Termination of Your Employment – How to See it Coming and How to Prepare
In Alberta, we are going through some difficult economic times. Recessions lead to layoffs, usually massive amounts of lay-offs. It can be easy to predict when recession-caused layoffs are coming, but it is still usually a shock to the employee that is laid off.
Most Terminations Are Similar
However the people that I meet that are the most shocked to have been terminated are those that are terminated during “normal” times in their companies. That is, times in their company when revenues seem normal or even better than normal and there is no obvious financial distress within the company. When employees are terminated during these times they are generally very surprised, however they need not be. There are usually signs that can let an employee sense a forthcoming termination and start to prepare for it.
The vast majority of the clients that come to see me after termination tell me a version of the following story:
“I have been working at my job for several years. I have had a great deal of success, always received great reviews and I had a great relationship with my supervisor/manager. Then, some time ago, I got a new supervisor/manager and our relationship has not been very good. My new supervisor/manager wanted to replace me with someone that s/he liked better than s/he liked me. I was terminated and my new replacement will not be very good – I was way better at that job than my replacement.”
There is also some version of the statement: “I never thought it could happen to me”.
The result of the terminated employee not seeing the termination coming is that s/he is scrambling once terminated. Without an updated resume, without any idea of what new employment opportunities and jobs exist and, in some cases, without an immediate severance package to help pay household bills.
However the terminated employee need not be surprised. What can be taken from the above story is that no matter how successful you have been with your company, you should be wary if you find yourself with a new supervisor/manager or a new management structure. As great as your relationship has been in the company, as many rewards as you may have received, you are now in a “red flag” situation for termination.
If you find yourself in that situation, it is a good idea, at the very least, to ensure that your resume is up to date and that you are up to date on employment opportunities in your industry. Termination is an unpleasant situation but if you are at least aware of the possibility of your own termination, and have taken steps to prepare for it, the termination will not be as unpleasant as it might be.

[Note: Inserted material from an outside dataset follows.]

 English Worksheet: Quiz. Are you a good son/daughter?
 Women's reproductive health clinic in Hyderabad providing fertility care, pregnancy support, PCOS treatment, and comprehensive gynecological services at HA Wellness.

Possibility of Financial Benefit
There is also a factor in these types of termination that is worth noting. If you receive a severance package when terminated, that package is a payout which is intended to cover the presumed time it will take you to find a new job, based on a number of factors including your age, position and how long you were with your company (these factors have been established by our courts). The upshot of this is that if you accept a severance package and then get a new job within the period covered by your package, you will obtain a financial bonus in that you will be receiving double salary through the remainder of your severance period. Obviously, the sooner you can obtain new employment (by being prepared in advance of your termination) the larger a financial bonus you will receive.
In that sense, termination might not be as unpleasant as it might otherwise be.